Subpoena: A legal demand for an individual or entity (like a business or witness) to produce specific documents, records, or digital data at a later date. Unlike a warrant, a subpoena does not require a showing of probable cause, and the recipient can challenge it in court before complying.
Search Warrant: A court order signed by a judge that authorizes law enforcement to immediately enter a location and search for specific items or data based on probable cause. Warrants for digital devices must often include specific “search protocols” to prevent overly broad or intrusive exploration of private data.
Seizure of Visible Evidence (Plain View Doctrine): This allows officers to seize evidence without a warrant if they are lawfully present (e.g., executing a different warrant or during a traffic stop), the item is in plain sight, and its incriminating nature is immediately apparent. However, while this may allow the seizure of a computer or phone, it generally does not grant the authority to search the digital contents without an additional warrant.
Exigent Circumstances: Emergency situations that allow for immediate warrantless search or seizure to prevent the imminent destruction of evidence, protect lives from immediate danger, or during the “hot pursuit” of a suspect. Once the immediate emergency is over, a warrant is typically required to conduct further detailed searches.
Remember the Locard exchange principle: whenever a crime is committed, something is taken, and something is left behind. In short, contact leaves traces, whether it happens in the physical world or between digital objects.
Reporting and documentation
Reporting and documentation are prioritized as the primary defense against legal challenges and the key to organizational recovery. Effective investigation management centers on these core concepts:
1. Meticulous Step-by-Step: Documentation should serve as a detailed diary of the investigation to ensure it is thorough and fair.
2. Structured Report Creation: A professional investigative report summarizes findings objectively and prompts necessary action.
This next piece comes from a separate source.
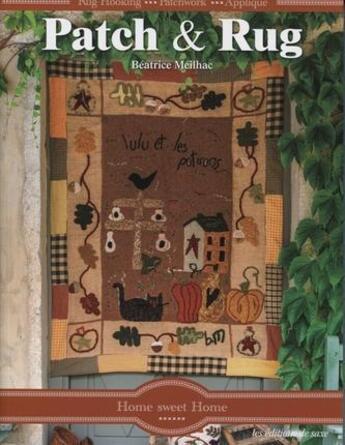 Couverture du livre « Patch & rug ; rug-hooking, patchwork, appliqué » de Beatric Meilhac aux éditions De Saxe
3. Secure Storage Systems: Integrity is non-negotiable, and investigators rely on secure, centralized systems to protect sensitive data.
4. Stakeholder Updates: Communication must balance transparency with the need to protect the investigation’s integrity.
Investigative techniques
Whether in response to a crime or incident, an organizational policy breach, or troubleshooting a system or network issue, digital forensic methodologies can assist in finding answers, solving problems, and, in some cases, help successfully prosecute crimes.
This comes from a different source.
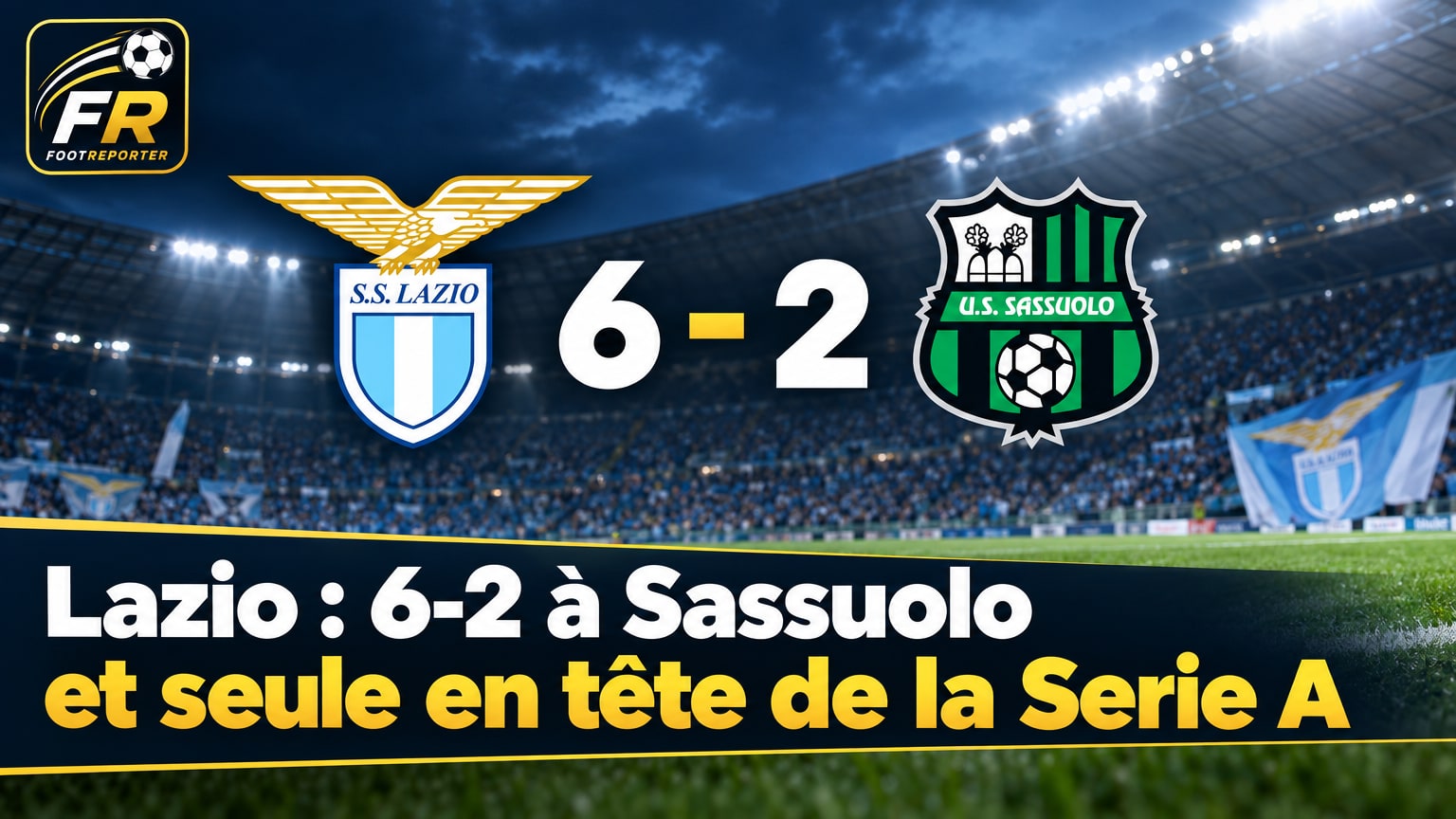 Lazio : 6-2 à Sassuolo et seule en tête de la Serie A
The forensic investigation process should include the following:
Identification and securing of a crime scene.
Proper collection of evidence that preserves its integrity and the chain of custody.
Examination of all evidence.
Further analysis of the most compelling evidence.
Final reporting.
Sources of information and evidence include:
Interviews, oral/written statements: Statements from witnesses, investigators, or testimony in court by people who witness a crime or who may have pertinent information.
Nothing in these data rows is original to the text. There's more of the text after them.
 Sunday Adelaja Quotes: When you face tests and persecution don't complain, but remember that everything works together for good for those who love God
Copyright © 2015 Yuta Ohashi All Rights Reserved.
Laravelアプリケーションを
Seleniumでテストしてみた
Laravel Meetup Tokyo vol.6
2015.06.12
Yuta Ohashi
Data collection: Documentation such as business contracts, system logs, network traffic, and other collected system data. This can include photographs, video, recordings, and surveillance footage from security cameras.
Several investigative techniques can be used when conducting analysis:
Forensic analysis: analysis of systems and components that are in scope for the incident or investigation.
Software analysis: focuses on applications and malware, determining how it works and what it’s trying to do, with a goal of attribution.
Third-party collaboration: assistance and collaboration with external organizations and authorities, such as law enforcement or insurance-related external investigators.
Digital forensics tools, tactics, and procedures
Digital forensics leverages highly specialized tools and standardized procedures to address the explosive growth of volatile, distributed data. Key areas of focus for investigators include:
1. Evidence Preservation (The Foundation)
Preserving data integrity is the most critical first step to ensure evidence is legally admissible.
Tactics & Procedures:
Write Blockers: Using hardware write blockers when connecting to storage media prevents inadvertent modification of original data.
Forensic Imaging: Creating “bit-for-bit” duplicate copies of the original media. Analysis is performed only on these working copies, never the original.
Chain of Custody: Maintaining a meticulous, timestamped log of every person who handled the evidence.
Physical Protection: Protecting physical devices from access or damage. Examples include using a Faraday bag to block signals and prevent remote wiping of mobile devices.
2. In-Memory (RAM) Analysis
Memory forensics is essential for detecting “fileless” malware, active network connections, and encryption keys that do not exist on a storage drive.
Key Tools: Memory forensic tools focus on acquiring volatile RAM snapshots and analyzing them for threats. The Volatility Framework (an open-source tool written in Python) is an example.
Tactics: Prioritize RAM capture over hard drive imaging during initial triage because memory is the most volatile evidence and much faster to acquire.
3. Media Analysis (Fixed & Removable Storage)
Media analysis involves deep-level inspection of file systems, registry artifacts, and deleted content.
Key Tools: Media analysis forensic tools provide acquisition, analysis, and reporting capabilities across cloud, desktop, and mobile devices.
Tactics:
File Carving: Recovering fragments of deleted files by searching for specific file signatures in unallocated space.
Artifact Analysis: A specialized digital forensic process of identifying, extracting, and interpreting "digital footprints” or records of activity left behind on a device.
4. Network Forensics
Network analysis captures and reconstructs data flowing through a network to identify attack vectors and data exfiltration.
Key Tools: Examples include Wireshark (packet sniffing), tcpdump, Snort (IDS logs), and Nagios.
Tactics:
Packet Analysis: Deep inspection of individual data packets to identify malicious payloads.
Log Examination: Correlating traffic patterns with system and application logs to build a timeline of the incident.
5. Emerging Trends
Cloud Forensics: Investigators can use specialized tools to extract evidence from remote cloud services and synchronized mobile apps.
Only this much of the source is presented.